Now Gene takes hostage the television operator, who we will learn is called Gasper or something, and tries to communicate with his buddies at Radio Ranch (Hey, maybe he could perform the next edition of his show live from 20,000 feet below the earth’s surface?). But Gene can’t reach his pals due to something called a Word Scrambler. Gasper tries to explain this, but his own words come out pretty scrambled: “It’s an un-instrument which mixes up the words of our wireless telephone so that nobody outside um-Murania can unnerstand what is said.” Just as this Gasper’s becoming my favourite actor ever, Gene punches him unconscious.

Now Gene reroutes the Word Scrambler, or something (his radio experience coming in handy in dealing with a totally alien technology) and enjoys a quick chat with Frankie and Betsy, telling them the location of the entrance to Murania. But now Queen Tika comes back (her palace seems to contain only three rooms, so she spends a lot of time in the television room). Gene hides behind a console, but the Queen overhears Frank promising to ride to the rescue, so she orders a bomb prepared to blow up the Junior Thunder Riders. Sounds like another cliffhanger is on the way.

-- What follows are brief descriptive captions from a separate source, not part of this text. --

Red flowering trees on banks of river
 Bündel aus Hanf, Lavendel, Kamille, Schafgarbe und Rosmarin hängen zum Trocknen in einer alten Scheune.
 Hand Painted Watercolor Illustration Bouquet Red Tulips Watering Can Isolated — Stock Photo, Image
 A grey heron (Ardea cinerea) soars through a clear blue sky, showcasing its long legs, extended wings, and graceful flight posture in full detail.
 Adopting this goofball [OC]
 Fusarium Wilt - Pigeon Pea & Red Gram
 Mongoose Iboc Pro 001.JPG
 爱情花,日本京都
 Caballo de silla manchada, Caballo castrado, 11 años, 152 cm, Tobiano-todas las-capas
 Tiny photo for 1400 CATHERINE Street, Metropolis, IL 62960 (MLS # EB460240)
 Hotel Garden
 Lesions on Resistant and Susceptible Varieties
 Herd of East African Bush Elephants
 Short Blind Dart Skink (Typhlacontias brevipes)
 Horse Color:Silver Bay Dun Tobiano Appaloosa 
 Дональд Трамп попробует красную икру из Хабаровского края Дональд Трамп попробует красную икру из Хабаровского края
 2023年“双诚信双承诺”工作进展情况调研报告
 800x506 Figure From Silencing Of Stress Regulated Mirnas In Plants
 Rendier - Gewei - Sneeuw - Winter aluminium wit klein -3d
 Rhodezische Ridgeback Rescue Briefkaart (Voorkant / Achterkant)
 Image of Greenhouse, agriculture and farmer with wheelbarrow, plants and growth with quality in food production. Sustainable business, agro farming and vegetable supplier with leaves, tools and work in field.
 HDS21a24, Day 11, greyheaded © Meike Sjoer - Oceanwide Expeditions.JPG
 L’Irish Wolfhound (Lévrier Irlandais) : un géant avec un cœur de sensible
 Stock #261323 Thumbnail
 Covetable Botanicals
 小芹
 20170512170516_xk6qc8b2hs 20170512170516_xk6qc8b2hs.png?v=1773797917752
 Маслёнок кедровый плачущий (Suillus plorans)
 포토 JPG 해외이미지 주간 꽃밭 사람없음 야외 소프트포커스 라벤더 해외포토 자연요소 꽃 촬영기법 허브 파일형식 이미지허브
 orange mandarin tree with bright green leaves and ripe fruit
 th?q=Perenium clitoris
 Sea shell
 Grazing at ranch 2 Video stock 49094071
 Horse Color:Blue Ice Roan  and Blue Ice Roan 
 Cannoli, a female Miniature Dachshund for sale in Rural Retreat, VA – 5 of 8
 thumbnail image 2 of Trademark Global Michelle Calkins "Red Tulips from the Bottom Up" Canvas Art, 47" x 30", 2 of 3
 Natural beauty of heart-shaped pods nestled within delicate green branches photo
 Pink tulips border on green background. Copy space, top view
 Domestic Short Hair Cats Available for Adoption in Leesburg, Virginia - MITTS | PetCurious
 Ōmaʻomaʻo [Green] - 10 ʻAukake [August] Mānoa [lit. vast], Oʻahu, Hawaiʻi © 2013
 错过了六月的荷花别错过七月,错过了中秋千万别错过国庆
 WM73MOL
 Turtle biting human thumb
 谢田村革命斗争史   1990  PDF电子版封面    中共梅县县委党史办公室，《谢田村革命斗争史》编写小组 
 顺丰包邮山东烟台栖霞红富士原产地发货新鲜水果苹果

Meanwhile poor Gasper, still unconscious, is accused of patching through the call to the surface world, a treasonable offence. I really don’t want to lose this thespian genius to the lightning chamber so soon…

Time for a quick demonstration of the robots’ workings. Two guards set them on alert by pressing buttons on their chests, and activate a photocell which will cause them to chop, with their might scimitars, anyone who crosses the beam. Everything in Murania seems to operate on the principle of the garage door.

Then there’s some confused running about — there seem to be shots missing — and a fight in an elevator (not as good as the one in THE WINTER SOLDIER) and then Autry breaks into the aerial torpedo silo, which he easily locates despite never having been there, and causes the missile to boomerang back (great reaction from the missile operator — the flapping hands of big jessie panic), right in his face, definitely, beyond any question, killing him instantly.

Which seems awkward, as the serial is only half over.